1 What is the task? Activity recognition task (or locomotion mode recognition task)
2 What is the training data? First, you can use the SHL2025 training data for the training data. If you can use unlabelled data, you can use the Kyutech IMU data. And then, you can use whatever the data is as long as they are open data. Note that you need to write down all the data you used for the training data in your workshop paper.
3. What is the validation data? Open data which is as same as the training data.
4. What is the testing data? We will release this 22/May/2025. So before this, can you prepare the pretrained models.

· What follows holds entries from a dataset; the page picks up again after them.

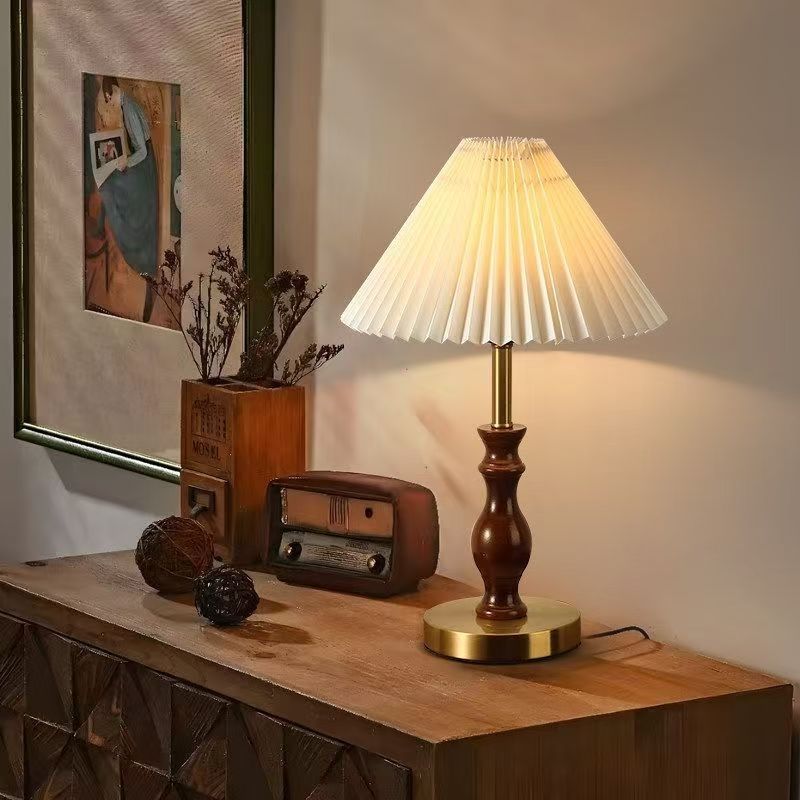 Stylische Übergangstischlampe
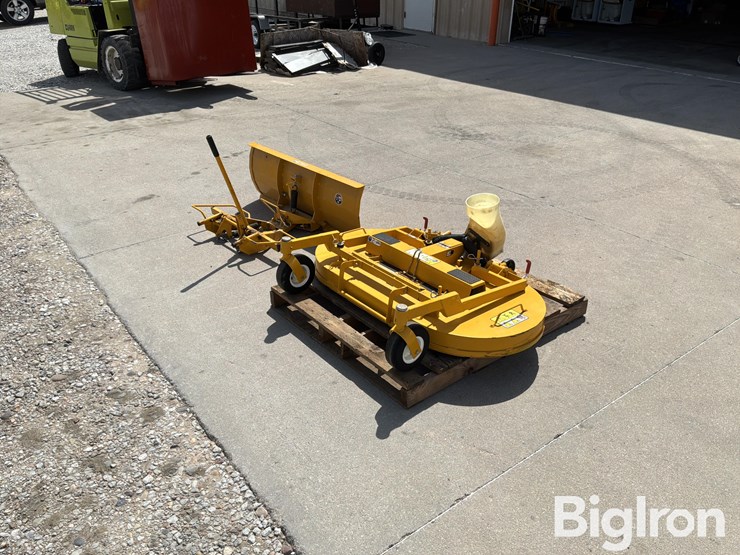 walker-mower-deck-&-snow-blade-image-5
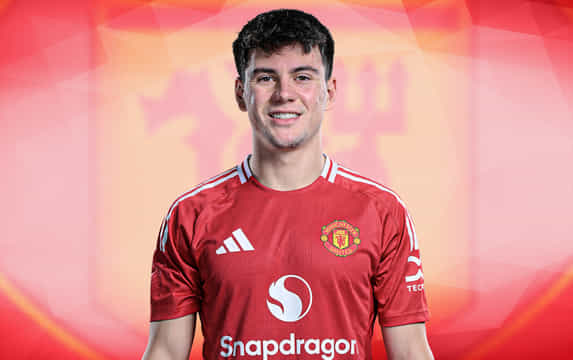 Panathinaikos in advance talks to sign Manchester United star Facundo Pellistri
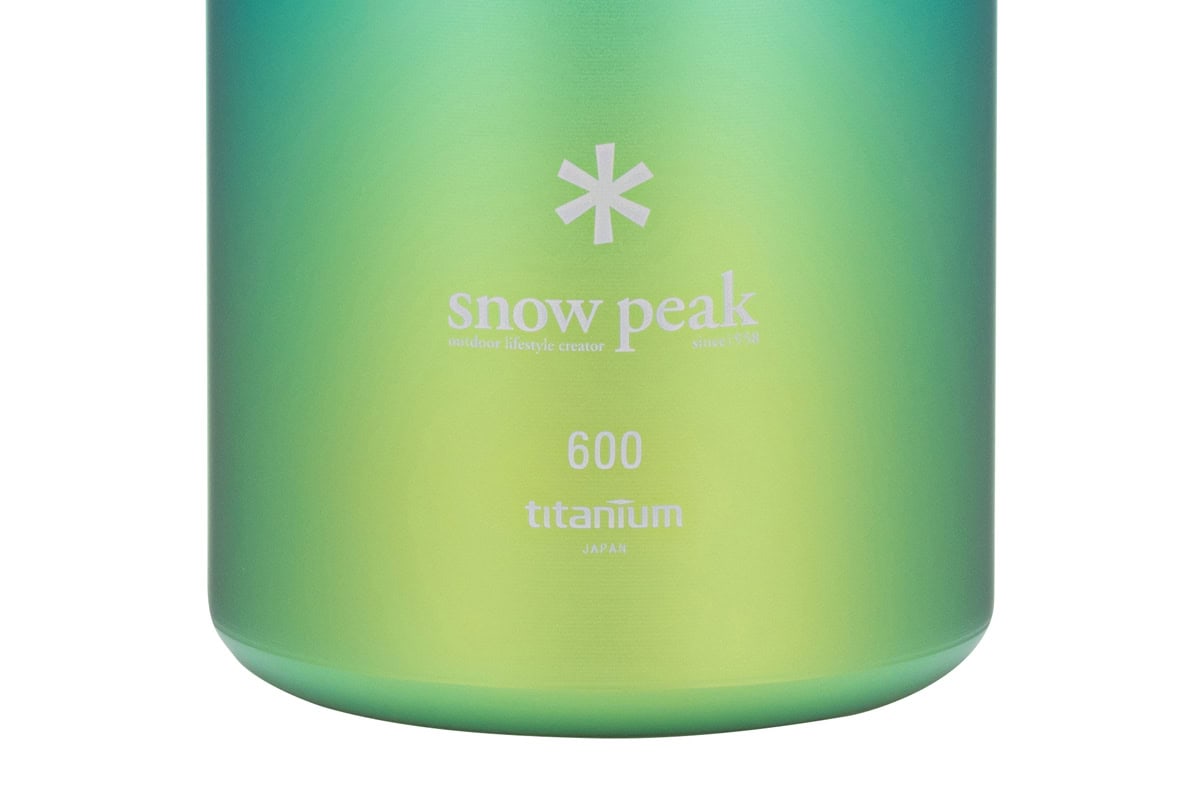 水筒に1.7万円は高い？】スノーピークの「世界初」チタンボトルが凄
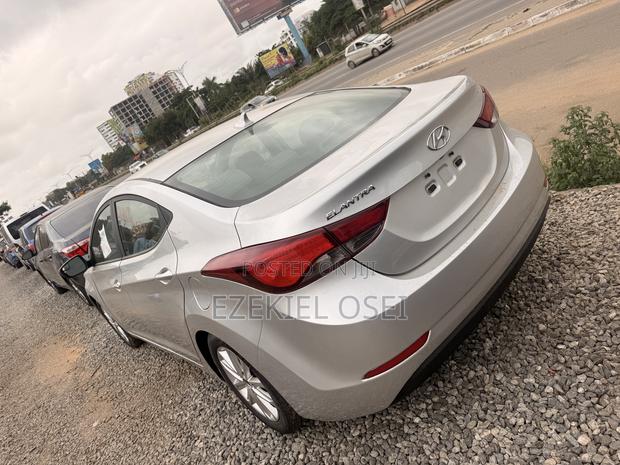 Hyundai Elantra SE 4dr Sedan (1.8L 4cyl 6A) 2014 Silver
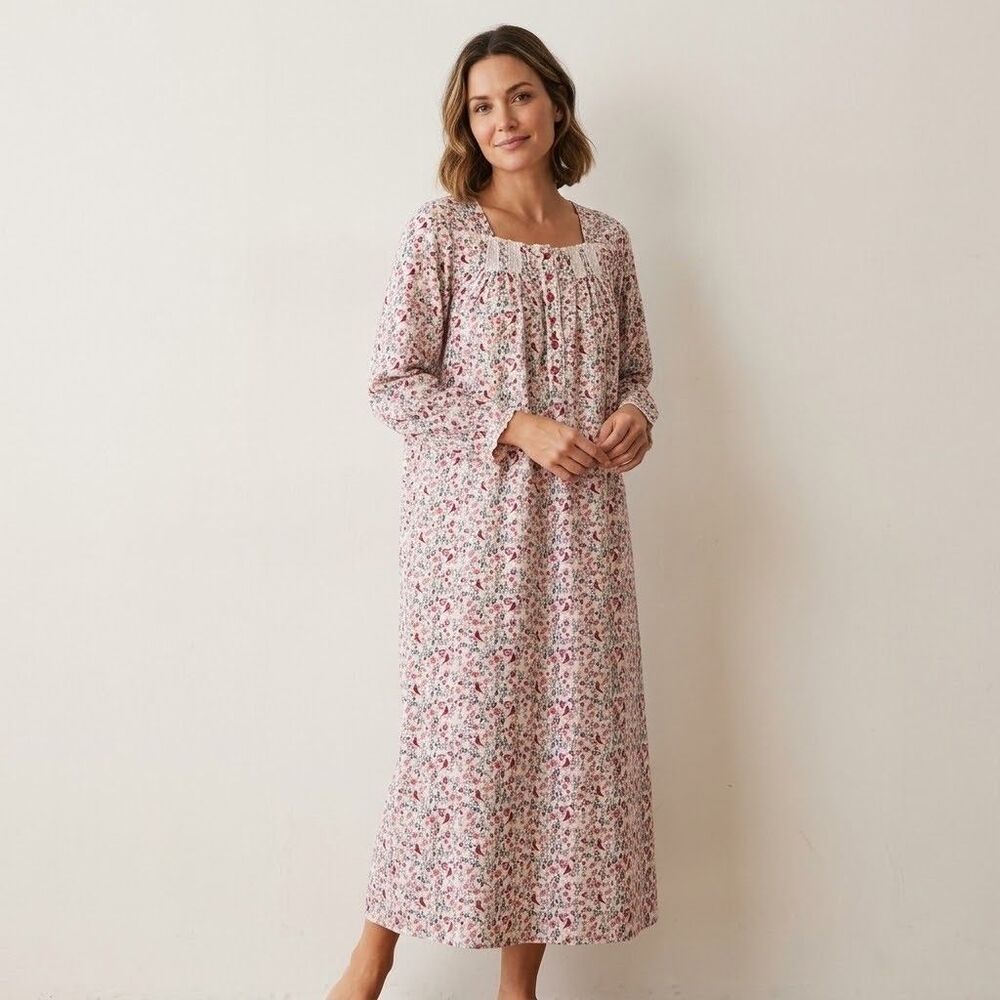 Lanz of Salzburg Cotton Flannel Nightgown Size M Vintage Heart Eyelet Floral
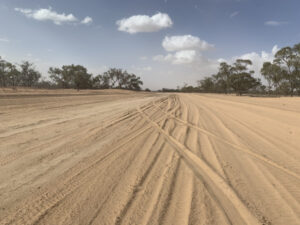 Pooncarie to Menindee road funding falls 25.6km short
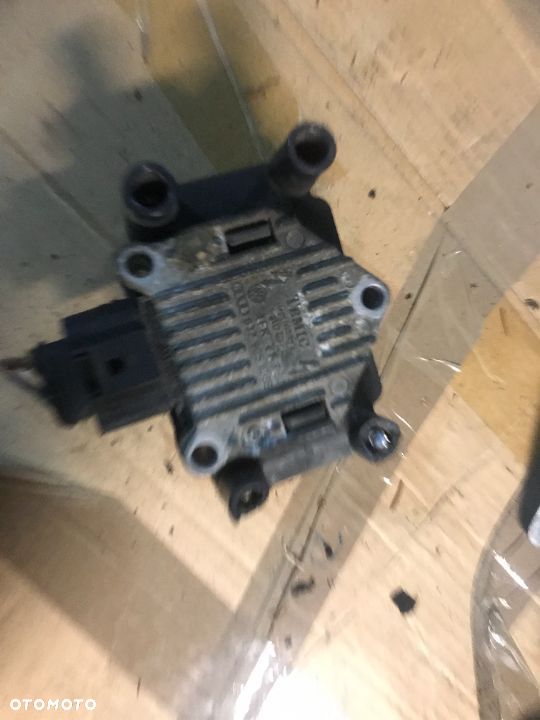 CEWKA ZAPŁONOWA VW AUDI  032905106B - 1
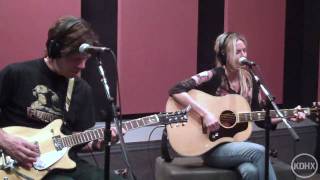 Elizabeth Cook &quot;Times are Tough in Rock n Roll&quot;  Live at KDHX 2/27/10 (HD)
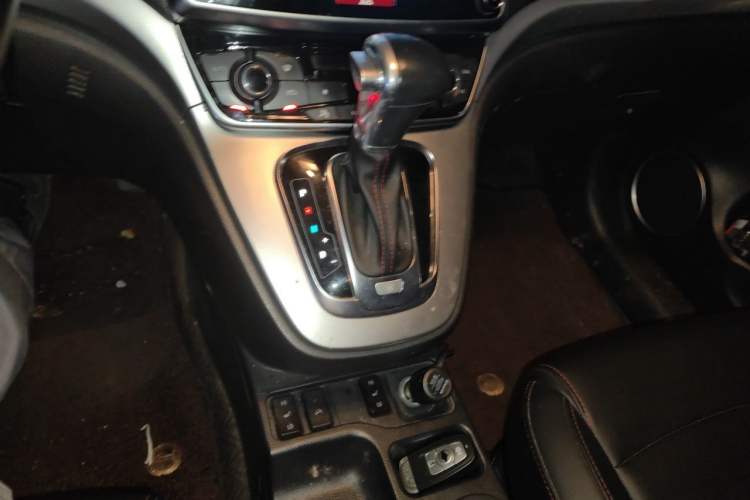 Used Haval H6 2017 Red-Label Sport Edition 1.5T Automatic Two-Wheel Drive Luxury Model Gear Lever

5. When will the participant start working on the data, i.e. right now or after the release the testing dataset?
You can start right now to prepare the pretrained models.
6. What do you mean by "cross-domain setting"? If your training data and your test data come from the different datasets, they are called "cross-domain setting". If your training data is PAMAP2 and your test data is Opportunity, this is cross-domain. Similar to this, you should prepare the pretrained model trained with some datasets without knowing what is the test dataset. Therefore, we call this a cross-domain setting.
7. Can we use the learning machine built in Task 1? Yes, that is no problem. Even if you only use the prebuilt Chronos, it is no problem. If you use ChatGPT, no problem.
8. Can we use only one training dataset? Yes, you can. Although it is recommended to use multiple datasets, it is no problem to use only one dataset.
Most of the rules are identical with challenge 1 except the following: (1) Even though your system performs best in challenge 2, unfortunately
we do not provide you money but instead we provide you a certificate of achievement, and
(2) we evaluate based on the performance(in terms of F1 measure on test data).